Entrevista com Senador Fernando Collor - Bloco 2


 

ENTREVISTADORA– Como o senhor avalia, Senador, a pressão e a proximidade da sociedade junto à Constituinte? Em 20 meses de trabalho, essa proximidade foi intensa, foi uma coisa inédita, e o que saiu da Assembleia foi fruto disso, fruto de um pacto. O senhor acha, no conjunto, que o resultado final foi adequado, que aquele foi o texto de que o Brasil precisava naquele momento, com suas qualidades e defeitos, com o engessamento e as coisas positivas que surgiram?

SENADOR FERNANDO COLLOR (Bloco Moderador/PTC - AL) – Como você disse, com as suas qualidades e defeitos, foi o que foi possível fazer. Naturalmente, desencadearam-se muitas emoções e muitas paixões na elaboração da Constituição, até porque vínhamos de uma campanha das diretas. Depois da campanha das diretas, houve as eleições de governadores e de prefeitos e, depois, eleições para Presidente, fatos que mobilizavam muito as pessoas e despertavam nas pessoas entusiasmo e paixão. Depois da eleição de governadores, desaguou na Assembleia Nacional Constituinte, em que a população entendia que se estava escrevendo algo que iria resolver o problema de cada um. Essa era realmente a boa intenção de todos aqueles que trabalharam – digo da população –, que pressionaram aqui os Constituintes para que, na Constituição, estivesse inscrito algum artigo que resolvesse a questão da sua categoria profissional ou até mesmo sua questão pessoal. E a Constituição não é bem para isso, não é exatamente para o atendimento de forma tão extensa de tantos interesses que se conflitam dentro de uma sociedade como a nossa, ainda mais uma sociedade muito jovem, democraticamente falando. Desse modo, acho que é um momento, depois de tanto tempo... Não é tanto tempo quanto deveria, porque a Constituição do Império, acho, demorou 60 anos, e a primeira Constituição republicana demorou também 40 e poucos anos, e cada uma teve uma emenda. A Constituição do Império, de 1824, teve uma emenda constitucional, e a Constituição republicana de 1891 teve uma emenda constitucional. Nós, nesta Constituição, de 1988 para cá, fizemos 105 emendas – 99 emendas e mais 6 emendas de revisão. Então, foram 105 emendas nesse período. Esse é um sinal de que alguma coisa não caminhou na direção que se imaginava.

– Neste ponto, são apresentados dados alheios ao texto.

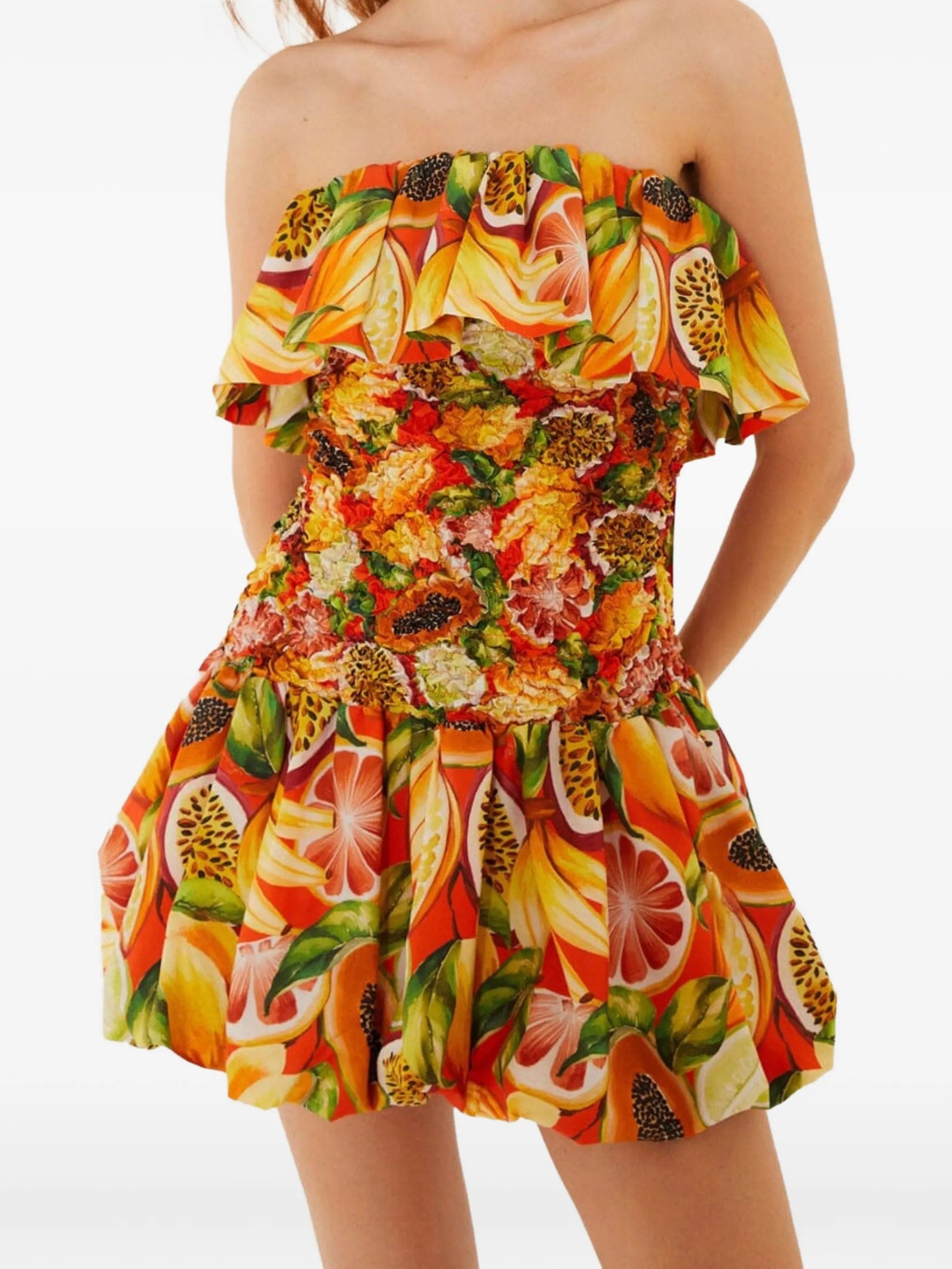 FARM Rio Fruit Garden ruffled dress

Então, já que se fala tanto em reforma política – defendo uma reforma política ardentemente, sempre defendi, porque acredito que ela seja mãe de todas as reformas –, já que se fala tanto em reforma tributária, em reforma previdenciária, em reforma fiscal, eu acho que este seria o momento não de revisarmos, mas, talvez, de chamarmos uma nova Assembleia Nacional Constituinte, para que nós façamos um bom lifting nesta nossa Constituição e possamos ter uma Constituição mais enxuta, mais objetiva, que dê margem a menos dúvidas do que aquelas que nós estamos tendo a cada momento, sobrecarregando o trabalho do Supremo Tribunal Federal, retomando um pouco o que falei anteriormente, gerando hoje o que se chama de judicialização da política brasileira. Mas não é judicialização. O Supremo Tribunal Federal não está querendo chamar a si as atribuições do Parlamentar ou do Poder Legislativo; ele está apenas respondendo a provocações que são feitas pelo próprio Poder Legislativo, que deseja que o Supremo interprete a lei que o próprio Poder fez, que o próprio Poder elaborou.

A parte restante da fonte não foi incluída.